══ GIVEN ENTRIES ══

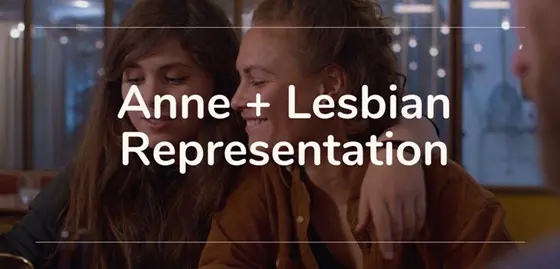 Lesbian web series Anne+ and lesbian representation on TV.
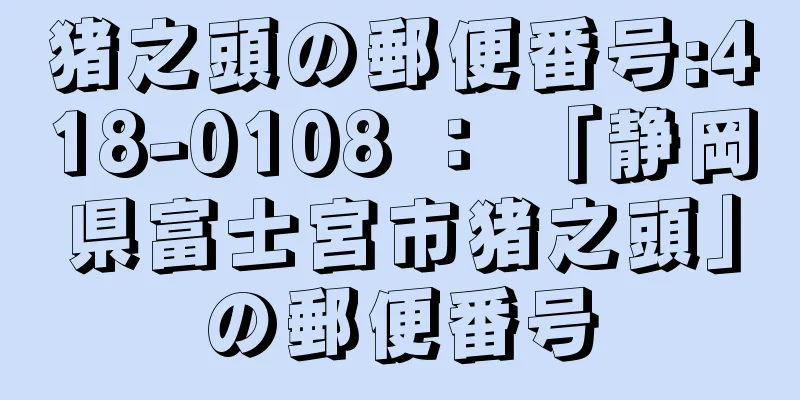 猪之頭の郵便番号:418-0108 ： 「静岡県富士宮市猪之頭」の郵便番号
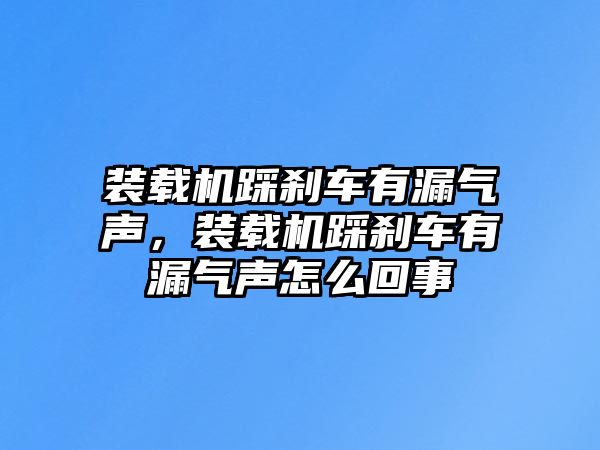 裝載機(jī)踩剎車有漏氣聲，裝載機(jī)踩剎車有漏氣聲怎么回事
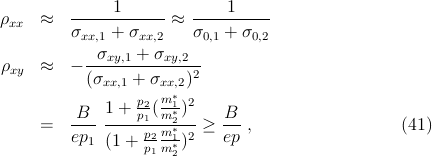              1             1
ρxx  ≈   ------------≈  ----------
         σxx,1 + σxx,2   σ0,1 + σ0,2
           -σxy,1 +-σxy,2-
ρxy  ≈   - (σxx,1 + σxx,2)2
                 p2 m * 2
         -B--1-+-p1(m-1*2)-   B--
     =   ep       p2m-*1 2 ≥ ep ,                  (41)
           1 (1 + p1m *2)
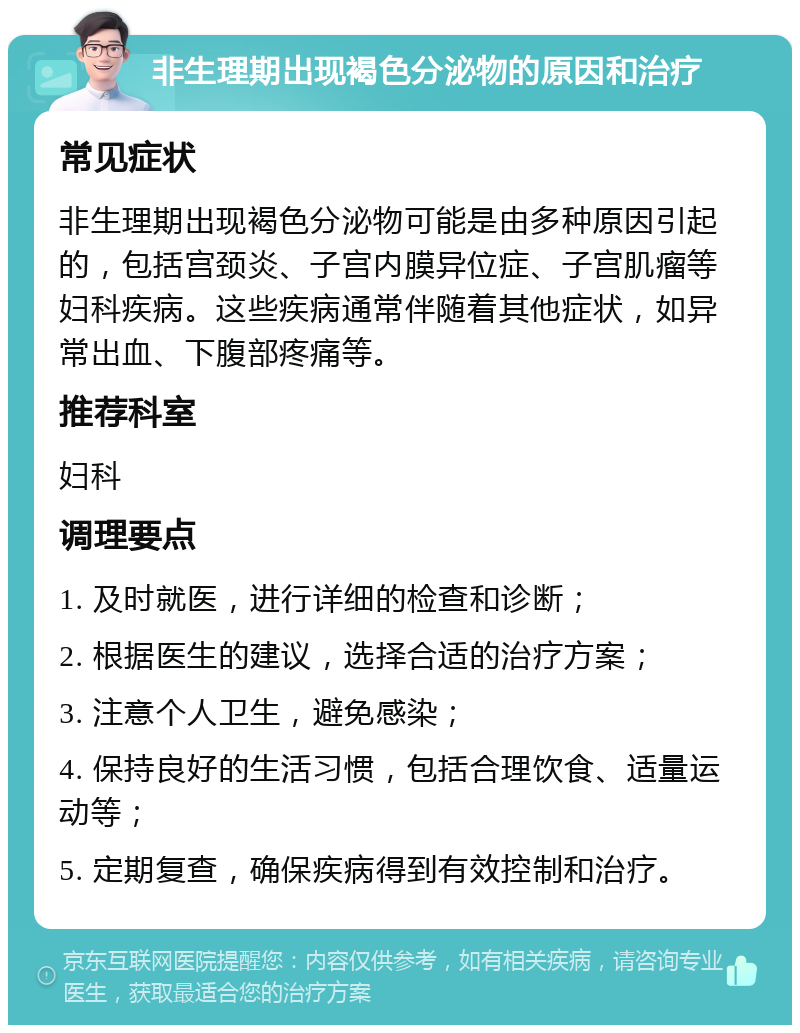 非生理期出现褐色分泌物的原因和治疗 常见症状 非生理期出现褐色分泌物可能是由多种原因引起的，包括宫颈炎、子宫内膜异位症、子宫肌瘤等妇科疾病。这些疾病通常伴随着其他症状，如异常出血、下腹部疼痛等。 推荐科室 妇科 调理要点 1. 及时就医，进行详细的检查和诊断； 2. 根据医生的建议，选择合适的治疗方案； 3. 注意个人卫生，避免感染； 4. 保持良好的生活习惯，包括合理饮食、适量运动等； 5. 定期复查，确保疾病得到有效控制和治疗。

═══

YOUR TASK
Write out the entries above verbatim, without pictures.

RESULT FOR THIS EXERCISE
 Lesbian web series Anne+ and lesbian representation on TV.
 猪之頭の郵便番号:418-0108 ： 「静岡県富士宮市猪之頭」の郵便番号
 裝載機(jī)踩剎車有漏氣聲，裝載機(jī)踩剎車有漏氣聲怎么回事
              1             1
ρxx  ≈   ------------≈  ----------
         σxx,1 + σxx,2   σ0,1 + σ0,2
           -σxy,1 +-σxy,2-
ρxy  ≈   - (σxx,1 + σxx,2)2
                 p2 m * 2
         -B--1-+-p1(m-1*2)-   B--
     =   ep       p2m-*1 2 ≥ ep ,                  (41)
           1 (1 + p1m *2)
 非生理期出现褐色分泌物的原因和治疗 常见症状 非生理期出现褐色分泌物可能是由多种原因引起的，包括宫颈炎、子宫内膜异位症、子宫肌瘤等妇科疾病。这些疾病通常伴随着其他症状，如异常出血、下腹部疼痛等。 推荐科室 妇科 调理要点 1. 及时就医，进行详细的检查和诊断； 2. 根据医生的建议，选择合适的治疗方案； 3. 注意个人卫生，避免感染； 4. 保持良好的生活习惯，包括合理饮食、适量运动等； 5. 定期复查，确保疾病得到有效控制和治疗。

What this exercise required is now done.